[Records from a data collection]
--------------------------------------------------

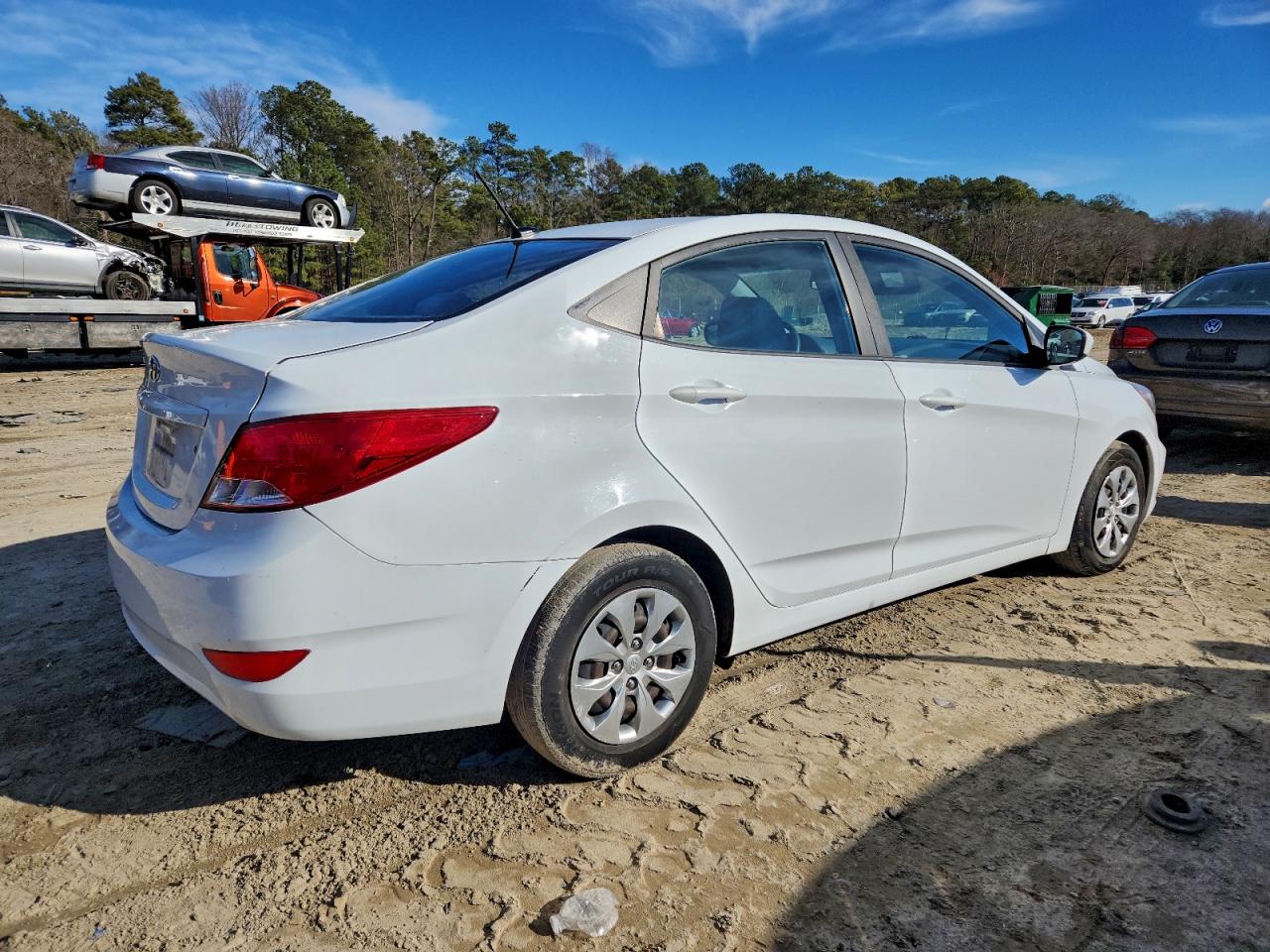 2017 HYUNDAI ACCENT SE photo 3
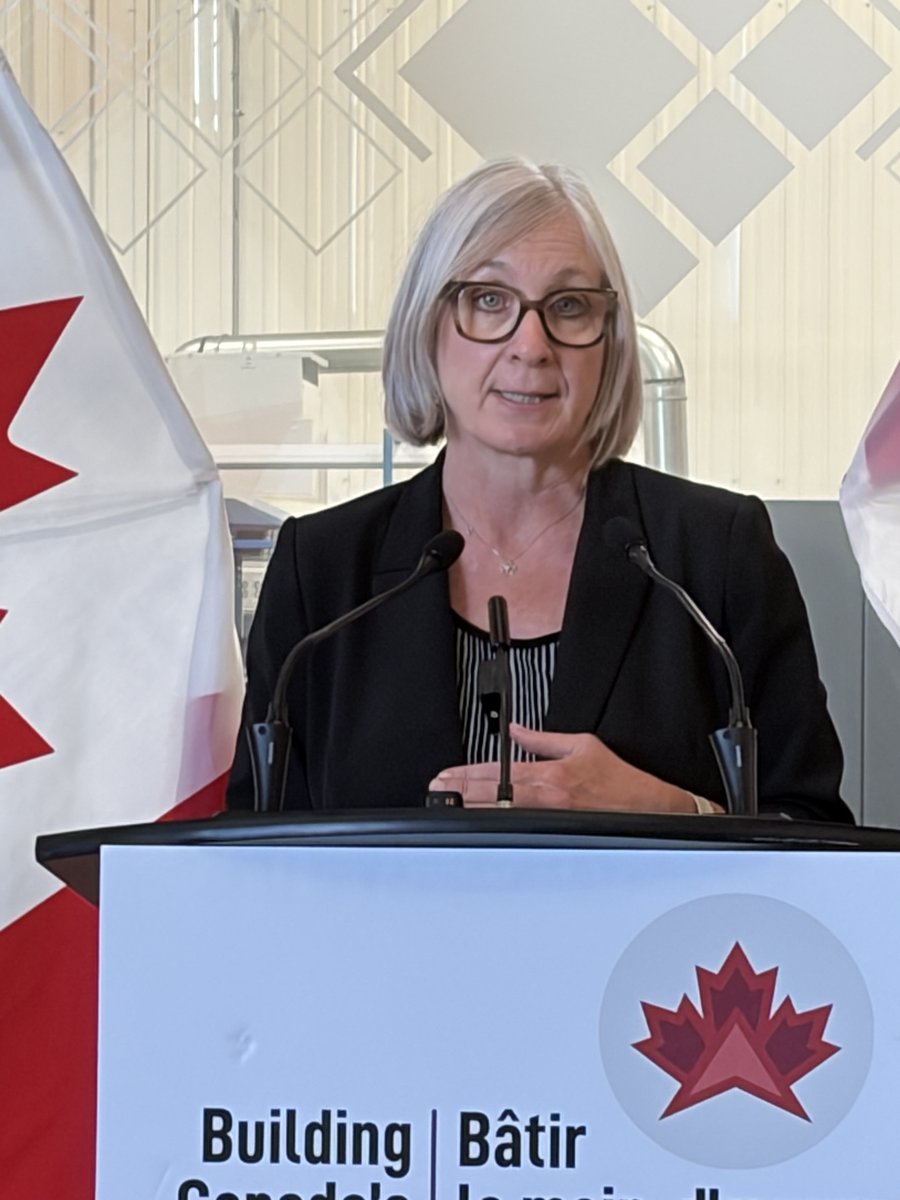 IanSkillsON's tweet photo. I am pleased I could participate in the Advanced Manufacturing Workforce Alliance at the Linamar's Centre for Manufacturing Excellence led by Federal Minister @PattyHajdu. https://t.co/fTUTpWa4KR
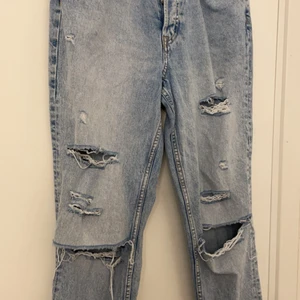 Jeans - Jeans med hål från hm i storlek 40. Kommer inte till användning mer så säljer dom. Köparen står för frakten❤️ byxorna är små i storleken så skulle säga att de passar 36/38 oxå!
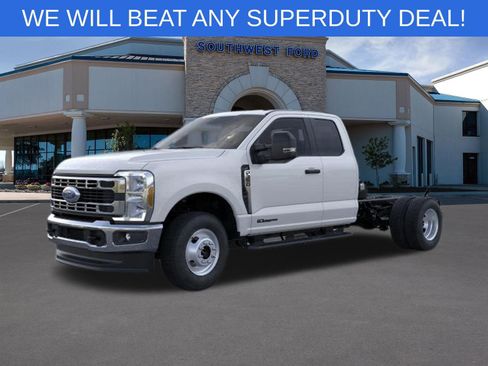 New 2026 Ford F350 XL w/ XL Chrome Package AWD/4WD image 1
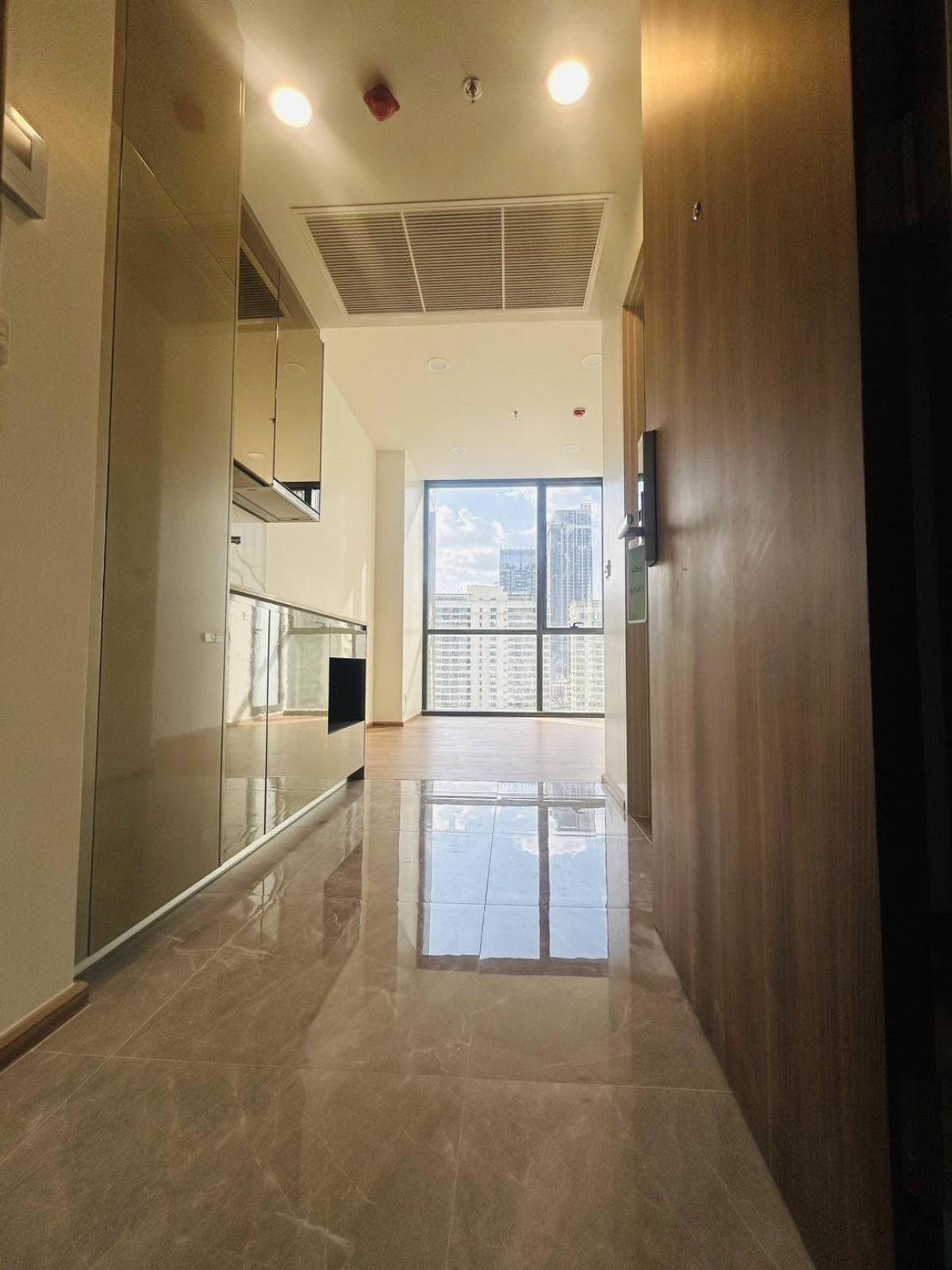 For SaleCondoRatchathewi,Phayathai : 03/04/2026, Great value condo in the heart of Siam, 1 bedroom, ready to move in!
Price 7.49 million, close to BTS Ratchathewi, convenient for all travel! 0642748883
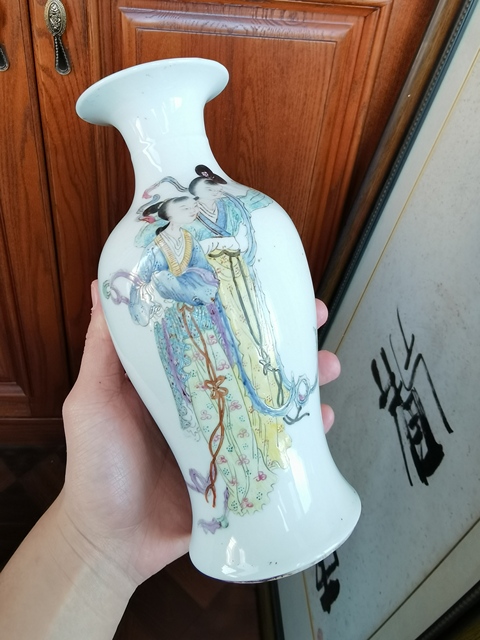 古玩陶瓷粉彩二喬圖觀音瓶真品鑒賞圖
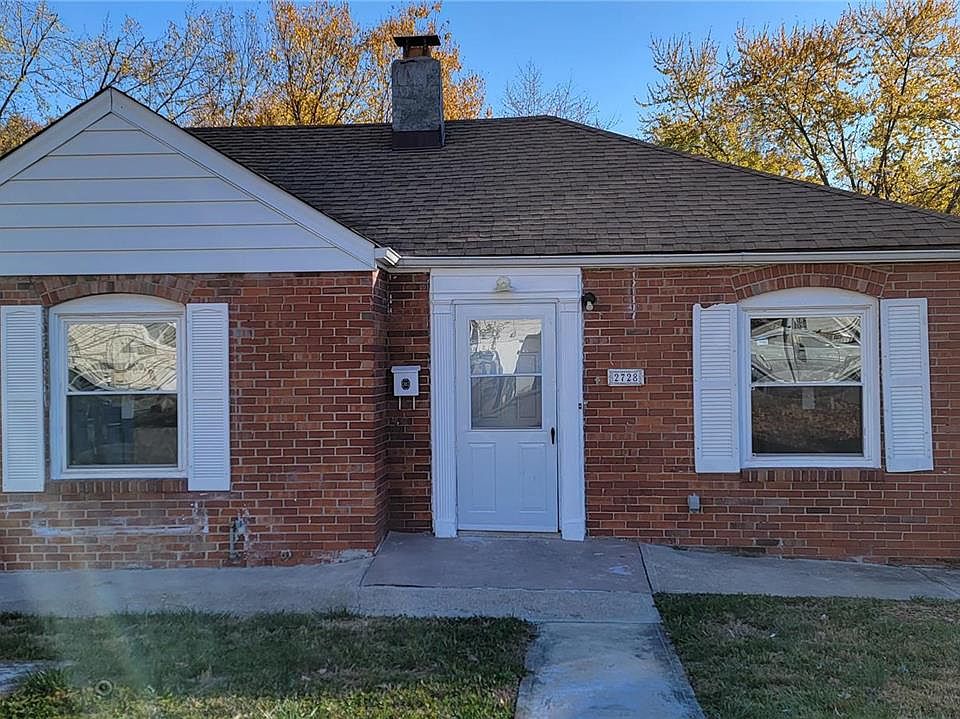 1st image of 2728 Wismer Ave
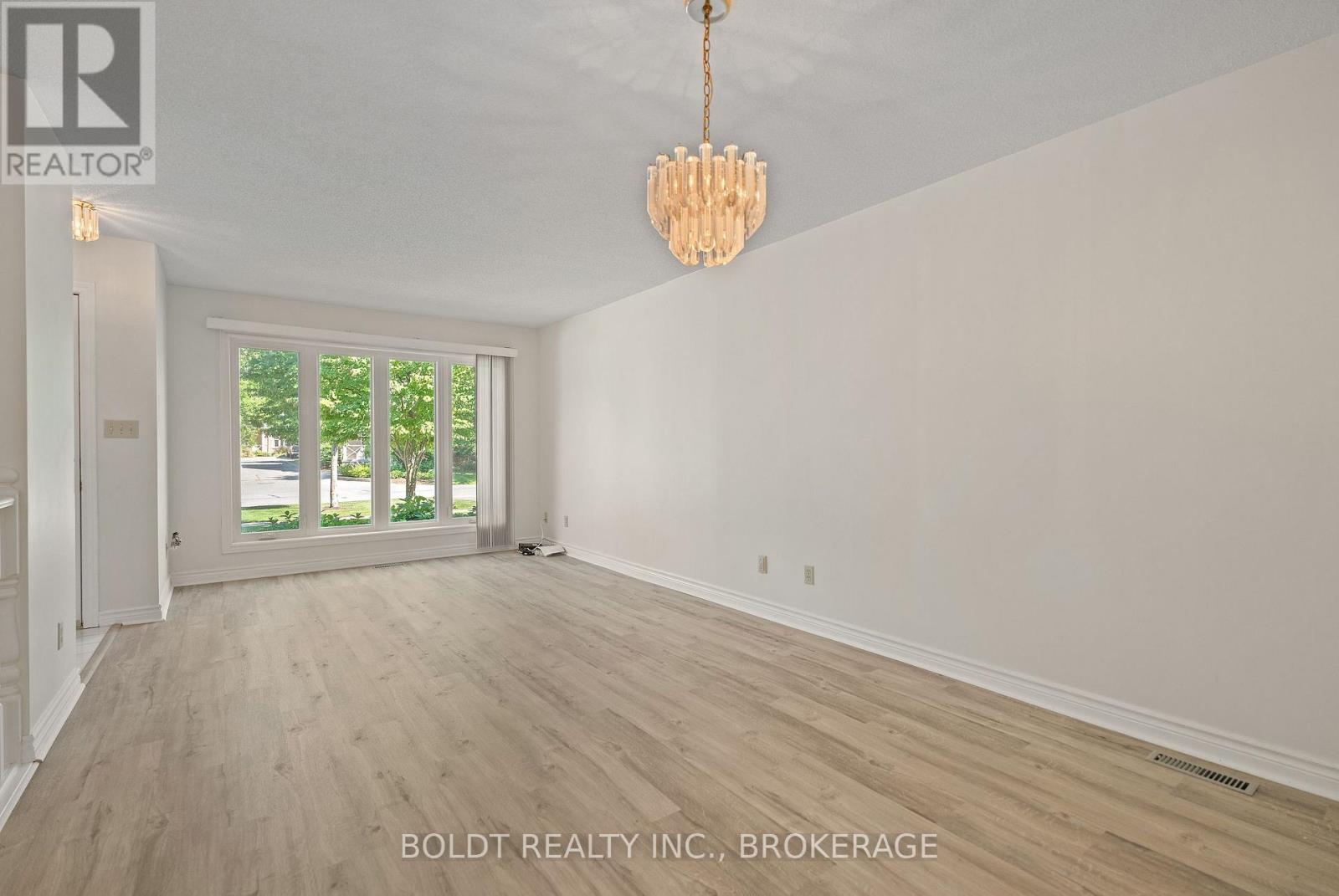 29 - 443 Nassau Street, Niagara-On-The-Lake, Ontario  L0S 1J0 - Photo 7 - X12685932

--------------------------------------------------

▶ WHAT YOU ARE ASKED TO DO: Only the lines from the line holding "Price 7.49 million, close" through the last line above belong in the answer, repeated exactly; the pictures do not.

▶ YOUR SOLUTION:
Price 7.49 million, close to BTS Ratchathewi, convenient for all travel! 0642748883
 古玩陶瓷粉彩二喬圖觀音瓶真品鑒賞圖
 1st image of 2728 Wismer Ave
 29 - 443 Nassau Street, Niagara-On-The-Lake, Ontario  L0S 1J0 - Photo 7 - X12685932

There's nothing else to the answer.